This historical revisionism manifests itself in the educational system within the Palestinian territories. This educational model has contributed to decades of violence between the two opposing groups.
Examples of this rhetoric is present in a ninth-grade textbook praising martyrdom, utilizing a page out of the Quran instructing those to kill or imprison nonbelievers. Further inflammatory rhetoric is displayed in a first-grade textbook asking students to identify various cities in Palestine. The cities in question, Beersheba, Safad, and Haifa, are in Israel proper and nowhere near any disputed territories, thereby, completely wiping Israel off the map.
A report from the United States Government Accountability Office found that Schools in the PA run by the United Nations Relief and Works Agency for Palestine Refugees in the Near East, the U.N. agency that supports Palestinian refugees, often teaches divisive rhetoric targeting Israelis and Jews. Upon learning this information, the United States Congress introduced legislation to combat the rise of this rhetoric in Palestinian textbooks and received bipartisan support.

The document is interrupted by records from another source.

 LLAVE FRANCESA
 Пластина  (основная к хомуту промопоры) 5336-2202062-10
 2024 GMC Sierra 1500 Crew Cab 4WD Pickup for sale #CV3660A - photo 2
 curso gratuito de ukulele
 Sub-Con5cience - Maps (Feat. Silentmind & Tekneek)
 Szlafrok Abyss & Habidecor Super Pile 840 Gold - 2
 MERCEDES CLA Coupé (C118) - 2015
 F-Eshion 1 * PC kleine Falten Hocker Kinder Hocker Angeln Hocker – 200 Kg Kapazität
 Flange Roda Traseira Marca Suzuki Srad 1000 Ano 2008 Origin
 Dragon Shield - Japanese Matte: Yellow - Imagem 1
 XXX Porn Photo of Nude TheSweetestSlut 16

To quote Rep. Brad Sherman, D-Calif., who recently reintroduced the Peace and Tolerance in Palestinian Education Act, which is a response to the recently declassified Government Accountability Office report:
As a result of the GAO’s findings, it is necessary for Congress to request additional reports from the State Department to ensure U.S. taxpayer dollars promote dignity and tolerance, and that the educational materials such schools employ do not incite hatred.

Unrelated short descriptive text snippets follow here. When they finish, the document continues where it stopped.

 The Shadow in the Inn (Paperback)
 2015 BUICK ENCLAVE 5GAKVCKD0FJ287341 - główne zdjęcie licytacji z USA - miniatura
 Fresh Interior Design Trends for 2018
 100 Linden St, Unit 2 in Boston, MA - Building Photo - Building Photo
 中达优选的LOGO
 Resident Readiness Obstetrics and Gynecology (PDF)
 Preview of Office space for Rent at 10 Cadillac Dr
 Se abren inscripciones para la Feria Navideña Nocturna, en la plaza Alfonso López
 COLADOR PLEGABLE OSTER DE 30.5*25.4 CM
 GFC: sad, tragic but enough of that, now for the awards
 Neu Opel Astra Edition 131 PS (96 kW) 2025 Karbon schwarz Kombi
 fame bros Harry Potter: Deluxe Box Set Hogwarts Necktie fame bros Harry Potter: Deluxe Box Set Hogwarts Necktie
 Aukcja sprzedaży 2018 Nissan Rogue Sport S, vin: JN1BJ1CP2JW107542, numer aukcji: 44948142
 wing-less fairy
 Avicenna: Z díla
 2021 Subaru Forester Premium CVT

Yet, when in American classrooms, similar rhetoric is utilized under the guise of critical race theory to teach children their innate victim or victimizer status, it becomes a partisan and culture war issue.

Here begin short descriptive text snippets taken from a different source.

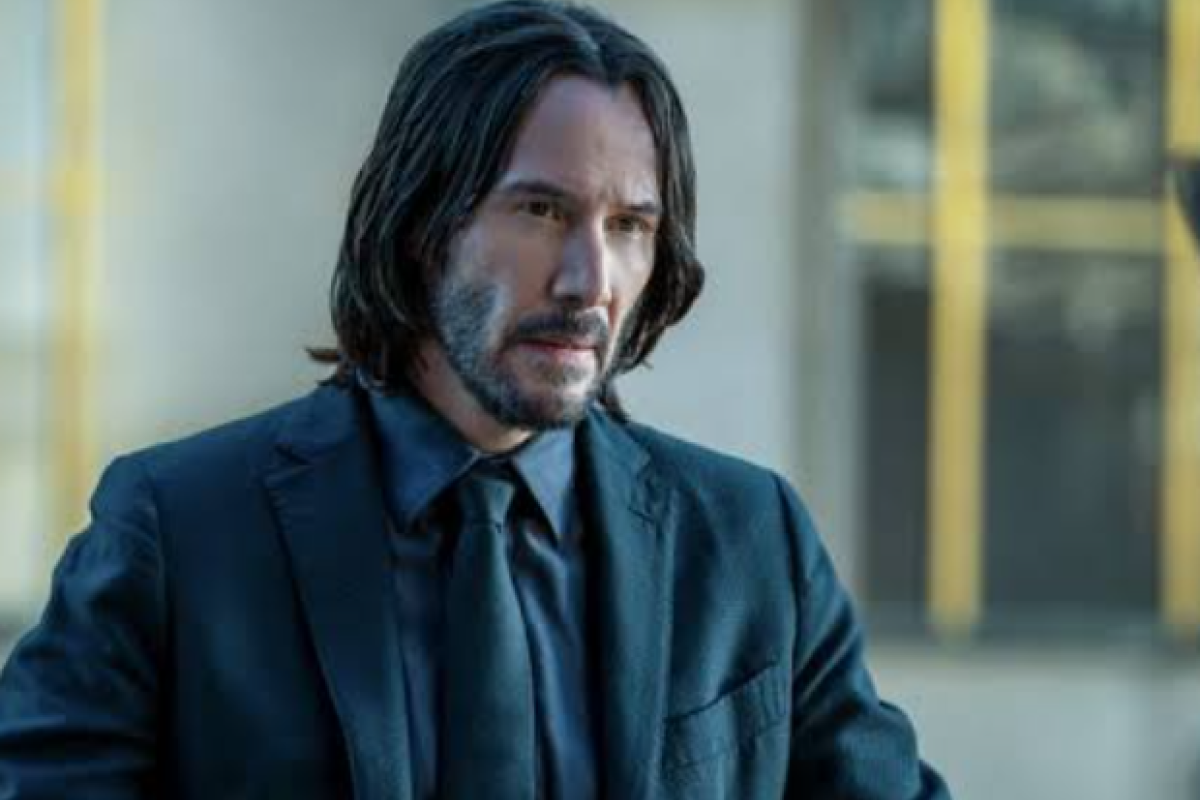 Daftar Acara TV Hari ini 4 Juni 2025 di Metro TV, SCTV, TVONE, NET TV, Indosiar, TRANS 7, TRANS TV dan RCTI Ada Film Bioskop John Wick: Chapter 4 dan Boyka: Undisputed 4 + Link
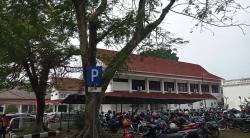 Motor Staf DPRD Raib di Pendopo, Aktivis Cianjur: Bagaimana Menjaga Keamanan Masyarakat
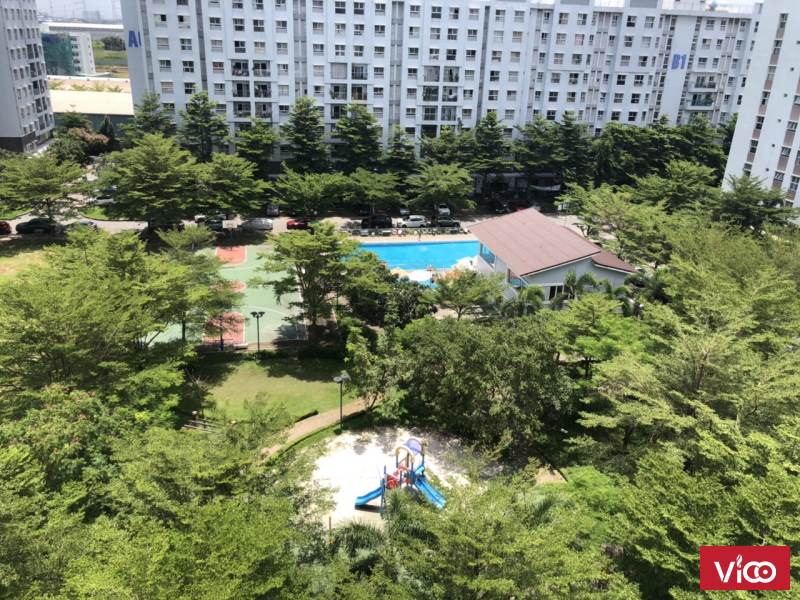 Căn hộ Ehome3 A10 view sông tìm chủ mới. Đã có sổ Hồng.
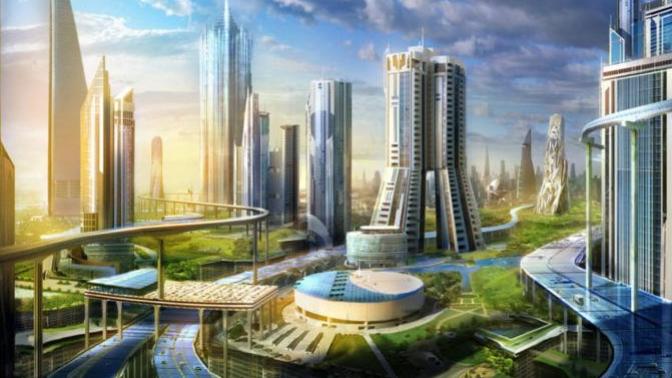 Is creating a perfect country even possible? 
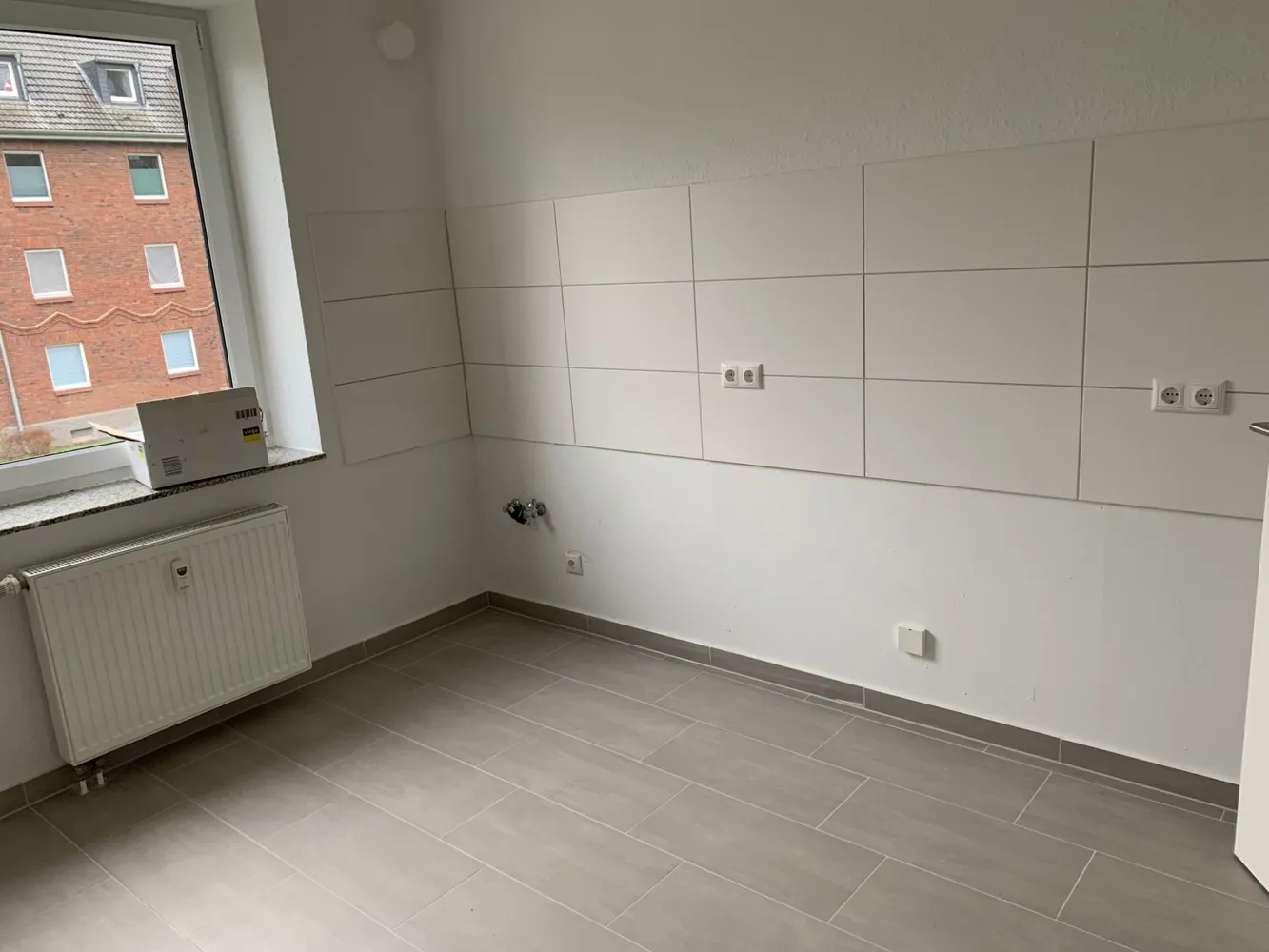 2 Zimmer Wohnung mit 60 m² in Düsseldorf – Bild 6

Critical race theory has been successful in cloaking its rhetoric and ideology in a veneer of academic, professional language, whereas the textbooks used in the Palestinian territories are much more blatant. Both are preaching the same message: to dismantle the “settler colonial system” through any means necessary.
Through the Israeli-Palestinian conflict, we have observed the effect an education system that teaches victimization does to a population, namely, acts of terror directed toward those they learned were their oppressors. If we want to have an America that provides education that inspires and not depresses, we must discard critical race theory.
The targeting of this mayoral candidate is the most recent, but not last, attack against the fictional oppressor of whiteness so long as critical race theory is being promoted.